Ich wollte eigentlich gar nicht hin fahren, nach Yad Vashem, “der Gedenkstätte für Holocaust und Heldentum“ in Jerusalem. Meine Mitbewohnerin, deren Vater Auschwitz überlebt hat, hatte mich schon ein paar Mal gefragt, ob ich den Ort noch besuchen würde. Sie sagte: “It's beautiful“.

Ob das daran liegt, dass ihr Englisch zu schlecht ist oder sie mich nur damit ein bisschen überreden wollte, ich weiß es nicht. Ich sagte immer, "ja, ja" und versuchte das Thema abzulenken. In Deutschland habe ich schon ein paar Konzentrations- und Arbeitslager besucht, es war schrecklich. Vor kurzem hat mich ein junger Mann im Bus angesprochen, nachdem er erfahren hatte, dass ich Deutsche bin und er mich noch ein bisschen darüber erzählen ließ, wie ich Israel finde, sagte er zu mir: "Ich weiß nicht, ob ich es sagen kann, und es ist vielleicht auch keine gute Idee, aber ich muss. Das, was die Deutschen den Juden angetan haben, kann ich nicht vergessen." Ich antwortete ihm: "Ich kann das auch nicht vergessen". Das reichte ihm aber nicht, er wiederholte es noch ein paar Mal. Es brannte ihm unter den Nägel, es mir mitzuteilen.

Als wir beide an der gleichen Bushaltestelle ausstiegen, wollte ich mich verabschieden und reichte ihm meine Hand. Worauf er sagte: "Das geht nicht, ich berühre keine Frauen." Ich fühlte mich so, als hätte ich alles falsch gemacht, als wäre ich falsch. Er ist frommer Jude, deswegen berührt er keine Frauen, außer seiner eigenen. Doch ich fühlte mich so, als ob ich Versöhnung angeboten hätte, die er ablehnte. Dabei habe ich doch gar nichts gemacht und trotzdem fühle ich mich schuldig. Weil eine Freundin von mir nun doch nach Yad Vashem wollte, fuhr ich mit. Hinter der Informationstheke stand ein sehr alter Mann, etwa 80. Er erklärte uns den Weg und was erwünscht ist und was nicht. Kein Kaugummi kauen, keine Fotos machen in der Ausstellung, Taschen abgeben. Zum Schluss sagte er in perfektem Deutsch: "Ich würde Ihnen gern viel Vergnügen wünschen, aber das, was sie erwartet, ist sehr tragisch." Jetzt sprach dieser ältere Herr auch noch Deutsch, ich traute mich nicht zu fragen, woher.

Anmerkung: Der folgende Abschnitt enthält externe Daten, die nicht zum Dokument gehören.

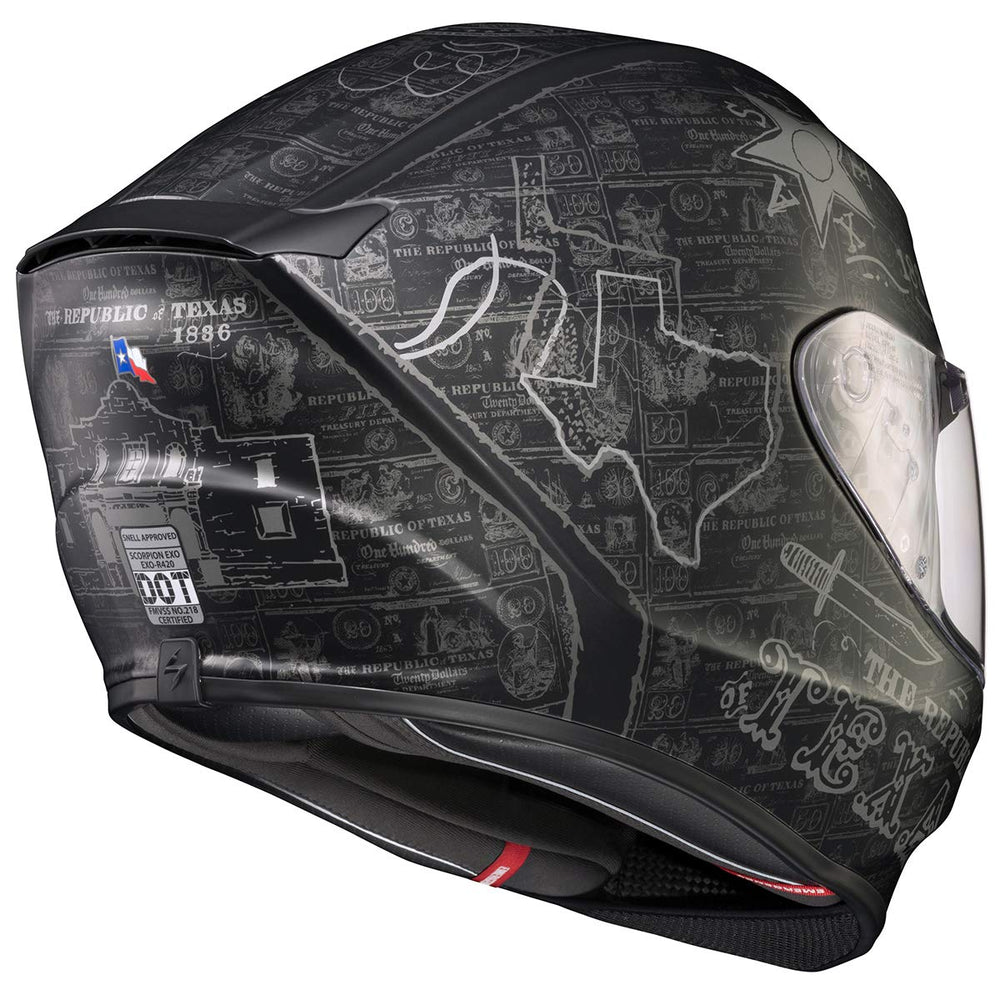 ScorpionEXO R420 Lone Star shield offering anti-fog clarity and UV protection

Yad Vashem ist weder beautiful, noch tragisch. Für mich ist es, wie ein dunkler, grausamer Tunnel, an dessen Ende aber ein Licht steht und der Ausblick vom Berg Herzl auf ein Tal, das friedlich da liegt. Symbolisch gesehen, steht dieser Ausblick wohl für die Zukunft, für die Gegenwart jedenfalls noch nicht. Es gibt noch zu viele Kriege und ungelöste Konflikte.